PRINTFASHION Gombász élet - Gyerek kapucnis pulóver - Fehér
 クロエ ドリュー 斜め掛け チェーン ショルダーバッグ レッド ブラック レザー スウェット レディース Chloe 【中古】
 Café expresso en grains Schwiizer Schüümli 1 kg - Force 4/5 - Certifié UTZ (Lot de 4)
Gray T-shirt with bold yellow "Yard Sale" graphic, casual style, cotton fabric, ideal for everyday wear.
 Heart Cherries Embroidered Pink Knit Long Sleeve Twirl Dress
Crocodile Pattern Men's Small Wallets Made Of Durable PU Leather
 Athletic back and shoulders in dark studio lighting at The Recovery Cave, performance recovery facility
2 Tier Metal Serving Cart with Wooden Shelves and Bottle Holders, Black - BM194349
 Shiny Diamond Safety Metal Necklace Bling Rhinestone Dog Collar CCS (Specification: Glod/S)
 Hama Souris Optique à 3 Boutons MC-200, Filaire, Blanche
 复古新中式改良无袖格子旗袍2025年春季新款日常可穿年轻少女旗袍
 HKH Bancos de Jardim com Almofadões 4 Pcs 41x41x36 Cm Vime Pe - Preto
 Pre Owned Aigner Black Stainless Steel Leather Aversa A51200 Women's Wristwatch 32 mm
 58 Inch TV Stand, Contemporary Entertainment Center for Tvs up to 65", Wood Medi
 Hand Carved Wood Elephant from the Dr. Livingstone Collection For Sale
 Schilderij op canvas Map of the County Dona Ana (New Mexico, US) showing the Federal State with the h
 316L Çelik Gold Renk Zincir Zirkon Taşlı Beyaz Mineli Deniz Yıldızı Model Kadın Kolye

### WHAT IS NEEDED
Reproduce the full set of records precisely.

### WRITTEN SOLUTION
PRINTFASHION Gombász élet - Gyerek kapucnis pulóver - Fehér
 クロエ ドリュー 斜め掛け チェーン ショルダーバッグ レッド ブラック レザー スウェット レディース Chloe 【中古】
 Café expresso en grains Schwiizer Schüümli 1 kg - Force 4/5 - Certifié UTZ (Lot de 4)
Gray T-shirt with bold yellow "Yard Sale" graphic, casual style, cotton fabric, ideal for everyday wear.
 Heart Cherries Embroidered Pink Knit Long Sleeve Twirl Dress
Crocodile Pattern Men's Small Wallets Made Of Durable PU Leather
 Athletic back and shoulders in dark studio lighting at The Recovery Cave, performance recovery facility
2 Tier Metal Serving Cart with Wooden Shelves and Bottle Holders, Black - BM194349
 Shiny Diamond Safety Metal Necklace Bling Rhinestone Dog Collar CCS (Specification: Glod/S)
 Hama Souris Optique à 3 Boutons MC-200, Filaire, Blanche
 复古新中式改良无袖格子旗袍2025年春季新款日常可穿年轻少女旗袍
 HKH Bancos de Jardim com Almofadões 4 Pcs 41x41x36 Cm Vime Pe - Preto
 Pre Owned Aigner Black Stainless Steel Leather Aversa A51200 Women's Wristwatch 32 mm
 58 Inch TV Stand, Contemporary Entertainment Center for Tvs up to 65", Wood Medi
 Hand Carved Wood Elephant from the Dr. Livingstone Collection For Sale
 Schilderij op canvas Map of the County Dona Ana (New Mexico, US) showing the Federal State with the h
 316L Çelik Gold Renk Zincir Zirkon Taşlı Beyaz Mineli Deniz Yıldızı Model Kadın Kolye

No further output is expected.